И снова Таисья молча кивнула, не сводя взгляда с порога, словно поджидала кого. Тут сын Евстохин прискочил с улицы, рыжеватенький, мордочка козья, клинышком, глазенки перламутровые, удивленные, вопрошающие. Впился в Таисью, мгновенным взором оценил пришлую и долго не сымал с гостьи взгляда, и Таисье под этим проникающим досмотром сразу захотелось исповедаться.
– Глебушка, это твоя тёта. Она в кельи намерилась, – сказала Евстолья. – Позвало, что ли? – спросила грустно, отчего-то пугаясь сестры.
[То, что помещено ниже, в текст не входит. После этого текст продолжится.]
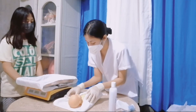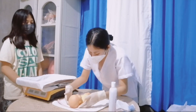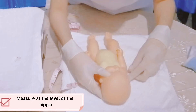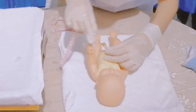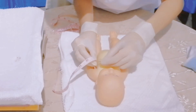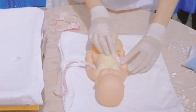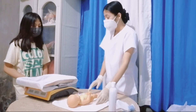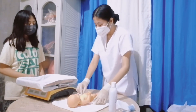Don't worry because your baby has a normal head circumference. Now we will proceed with measuring the baby's chest circumference. I will measure at the level of the nipple. The baby's chest circumference is 31 cm. The normal value for a chest circumference of a baby is within 30 to 33 cm. Therefore, your baby's chest circumference is within normal.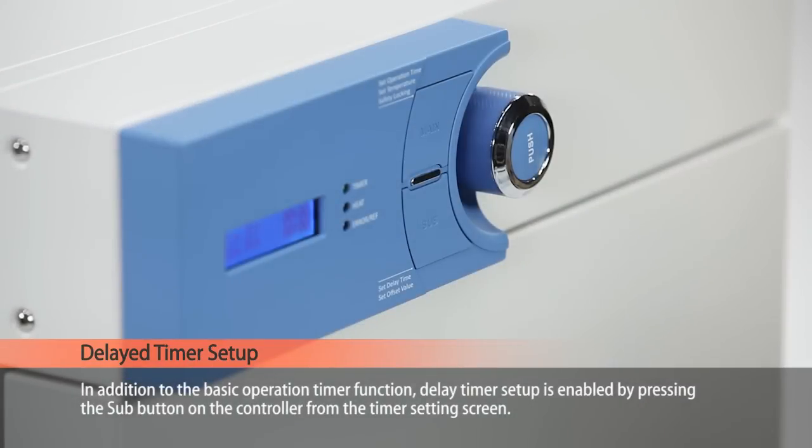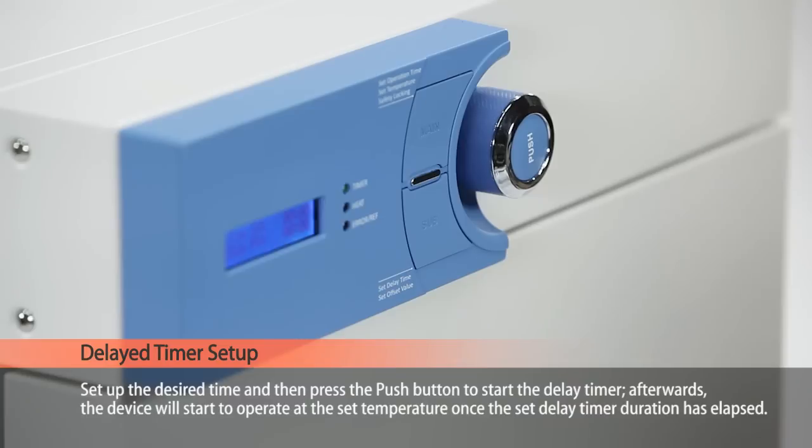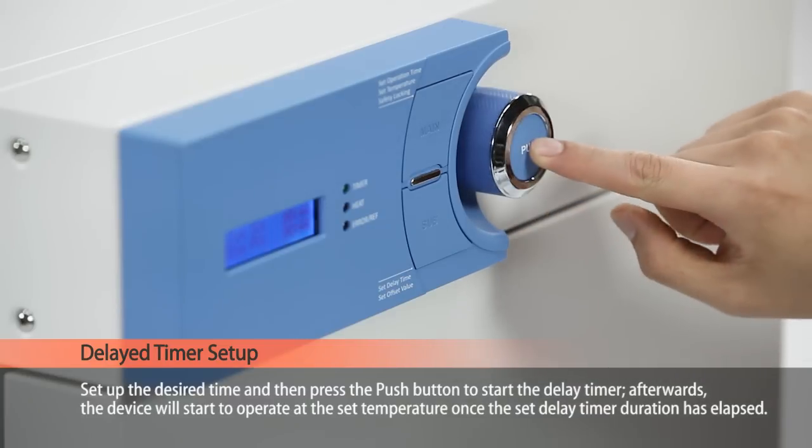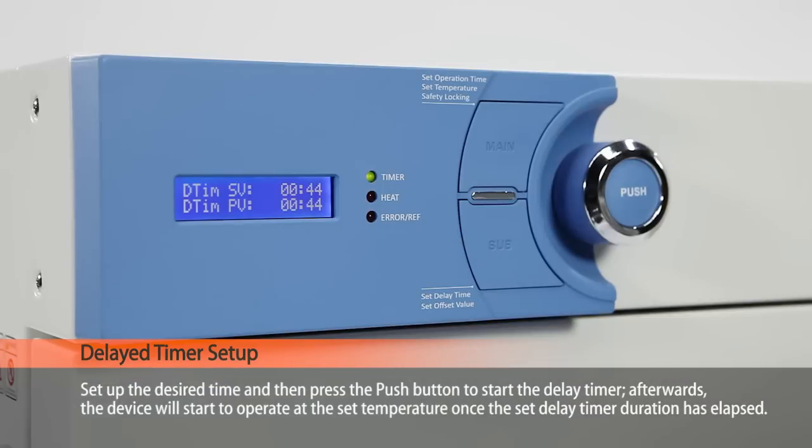In addition to the basic operation timer function, delay timer setup is enabled by pressing the sub button on the controller from the timer setting screen. Set up the desired time and then press the push button to start the delay timer. Afterwards, the device will start to operate at the set temperature once the set delay timer duration has elapsed.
– Аха… Позвало… Ты ведь помнишь, как прихватило меня? – тихо заговорила Таисья, не сводя взгляда с племяша. – Я в горячке-то было и память потеряла, нечто иное. И вот однажды лежу на кровати, а все видения. А пред тем, как повиделось, навещал татушка, читал житие преподобной Феодоры-мученицы, а я слушала, помнится, и думала: вот бы и мне увидеть, что на небе-то делается, – ой хорошо было бы. Я бы про все людям рассказала. Ведь кто ни бывает, а не слыхала я, чтобы кто назад-то ворачивался…
– Вот и я про то же…
– Ну да. Как-то под Паску в одну ночь, вижу, дверь в нашу избу отворилась, и вошла госпожа в белом платье, в чепчике с цветами и идет, идет прямо к моей кровати.
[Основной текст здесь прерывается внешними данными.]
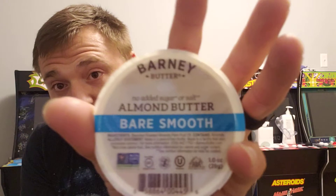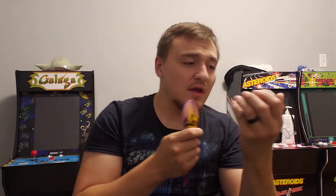It's got no added sugar or salt. The ingredients are blanched roasted almonds and palm fruit oil. That's it.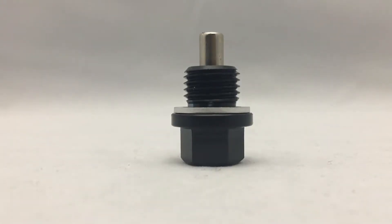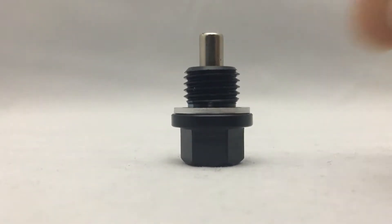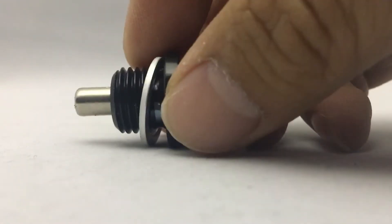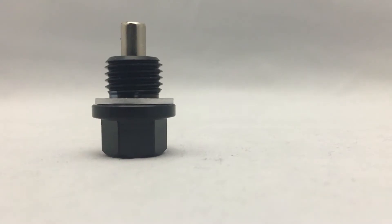This is a magnetic drain plug, size M14 by 1.5. Very quality, very strong magnet. These are awesome for fresh built engines. Very fast and free shipping.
– Помстилось иль заправду?..
– Вот как тебя сейчас вижу. Сиянье такое, сиянье, как солнцем озарило все, вспыхнуло, аж глаза защемило, таково ярко стало. Я испугалась, а она и говорит: не бойся, дескать, я за тобой пришла. Я, говорит, мученица Феодора, пойдем со мной на небо, ты молила об этом. А правду коли сказать, я много молила, чтобы Бог-то взял на небо да и показал все… Тут вдруг потолок нашей избы разверзся, и мы полетели сквозь него на небо; большие белые крылья вдруг замахали у нас за плечами. Я оглянулась, а у нас на спине-то крылье…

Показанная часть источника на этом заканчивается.